Dreams, as interpreted by Sigmund Freud, were once at the heart of psychology – but now his professor only spent two sentences on the subject, and he said something extraordinary.
"He said," Stanley remembers, "that only schizophrenics dream in color."
Stanley Krippner, now one of the world's leading authorities on dreams, shakes his head in disbelief. He remembers looking at his friends in class, mute with astonishment. "We'd all had dreams in color," he recalls. "Even in the 1950s, he should have known better, and none of us believed him. This moment enabled me to take a skeptical point of view about what professors were teaching – even professors of psychology."

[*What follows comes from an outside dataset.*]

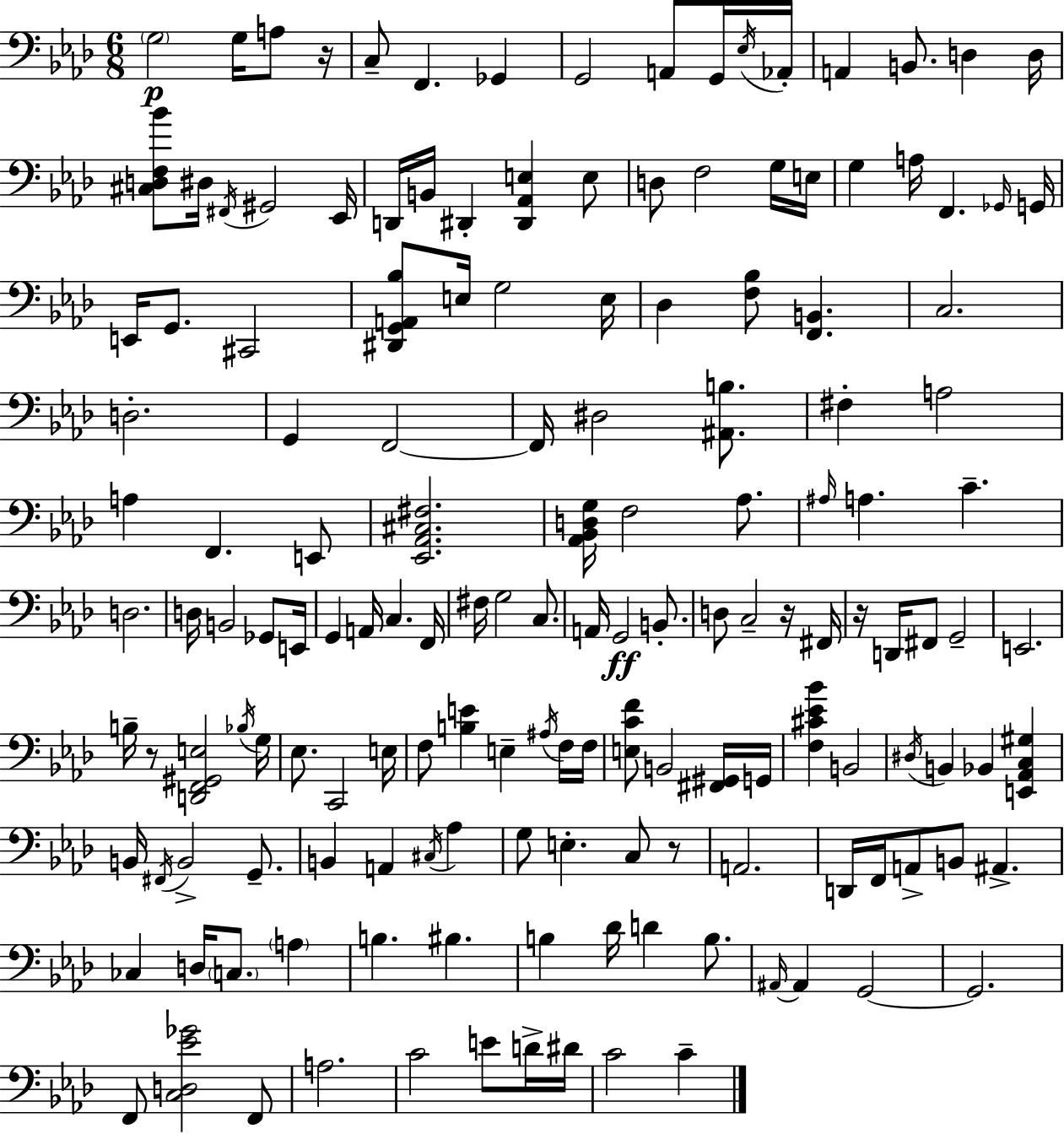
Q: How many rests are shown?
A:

Skeptical, maybe, but still passionate. Stanley cannot remember a time when he was not passionate about psychology. He remembers, as a child in the 1930s, cutting out newspaper articles whenever psychology was mentioned. When Sigmund Freud died in 1939, Stanley remembers cutting that obituary out too and saving it with the others. He also remembered his dreams: he had dreams as a young boy that he still remembers today. He closes his eyes, picturing one of them, and then shakes his head.
"Despite realizing just how wrong some psychologists could be, I persisted," he says. But a more serious barrier came when the psychology professors of the time … strict behaviorists … would not let him study human experience and meaning. Only human behavior.
"I got around that by studying the psychology of education as an undergraduate," he says. "There you were allowed to have some emphasis on the experiential aspect – and then I did my graduate work in education, focusing on educational psychology, specifically because they were more open to these questions at the time."
By the 1990s, of course, many of the same subjects that Stanley had to work so hard to learn as a student were now widely accepted by the mainstream: psychology recognizes the value of human experience, no one is a strict behaviorist, and almost everybody dreams in color.
Stanley should have felt triumphant – but by then he'd already moved on to other areas that psychology considered "fringe": the psychology of exceptional children, the neurology of learning disabilities, the psychology of spiritual practice … and, of course .. dreams.
"The connecting thread is that all of these phenomena are frontiers," Stanley says. "And this is what has interested me throughout my career: because I think ‘this is where important discoveries could be made.' "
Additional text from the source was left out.